どもです、うっかりピカチュウになったエンです。
現在シロガネ山にいます、噂通りポケモン強いし険しいし、無縁の場所だと思ってましたよ。
一応バッチは持ってるけど………秘伝わざが必要になる場所もあるしね。
ここに来るなんて思ってなかった、こんな野生ポケモンの巣窟。
レッドがいるみたいなことはグリーンから聞いたことがあった。
でもこんな所に籠もる人の気がしれないわ全く。
雪の降る極寒の地、荒らぶる野生ポケモンは自然と強くなる。
あたしは観察者だから、必要のない場所。
もしかしたら来ることになったかもしれないけど。
よくこんな所に籠もっていられるなレッドは………驚き通り越して呆れるよ。
思い出すは昨日のやり取り―――…




「オレがエンを預かる」

「え、レッド?本気」

「大体預かるって……普段お前シロガネ山にいたんじゃ」

「ちょっレッド!あんた本当にそんなとこにいたわけ?」

「グリーンはジムあるし、どうせエンは家に帰っても誰もいないだろ」

「そ…そりゃそうだけど」


あたしの両親は研究者でよくオーキド博士のお手伝いをしては家を空けている。
確か少し前にしばらくホウエン地方に行ってくると連絡があったのを思い出す。
うちの両親自由気ままだからなぁ………こればかりはどうしようもない。
唯一の飛行タイプであるオニドリルは、両親にせがまれて貸している。
普段は歩きなので、しばらくは必要ないと踏んでいた。
こんなことが起きるのは想定外だった。


「第一グリーンと一緒だったらエンは虐められるに決まってる」

「人聞き悪いこと言うなよ」

「う―ん、それはあり得る…かも」

「エンまで!」

「だからエンはしばらくオレが預かる」


そう言ってまだ何か言いたそうなグリーンを残してリザードンに乗り、あっという間にシロガネ山へ。
その時のリザードンの翼とか体の艶とか炎の揺らめきがあまりにも美しすぎて見惚れてしまった。
不覚だった、でもやはりチャンピオンともなれば育て方が違う。
グリーンも育てるのがうまいけど、それは全体的に統一された強さという意味で。
二人ともポケモンが好きだけど、レッドはもっとポケモンに愛情を感じる育て方と言えばいいのか………
さすがポケモン馬鹿、じゃなきゃこんなところに籠もれるわけがない。


「……やっぱりエンはここで一緒に暮らすのは嫌か?」

「え?」

「さっきグリーンが言ってた。

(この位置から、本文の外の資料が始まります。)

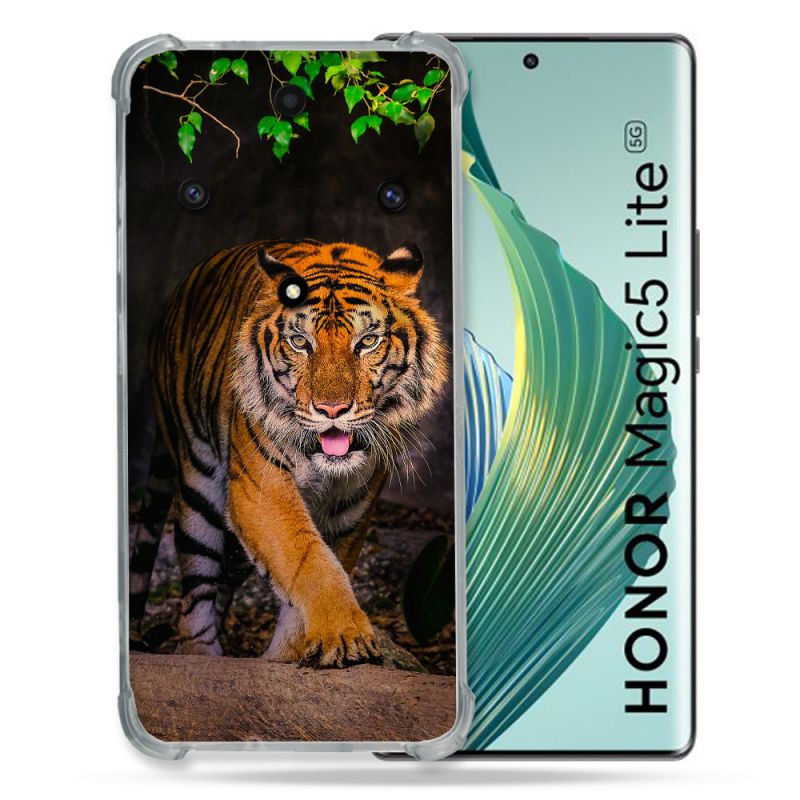 Coque Renforcée Pour Honor Magic 5 Lite Animal Tigre Jungle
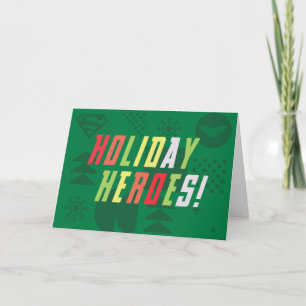 Justice League Holiday Heroes Graphic Card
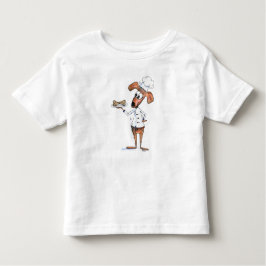 Cute Whimsical Dog Chef Kinder Shirts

ここは危険だし、電気も暖房ないし……」

「あたしが嫌って、一言でも言った?
最初は驚いたけど、嫌なんかじゃないし。
それに観察者として腕が鳴るもの」

「……エンらしいな」


薄く微笑むレッドに思わず胸が鳴る。
だってレッドはいつも無口で無表情だから。こんなの反則だ!
思わず背を向けた私にレッドが首を傾げたのを知っているのはピカだけだった。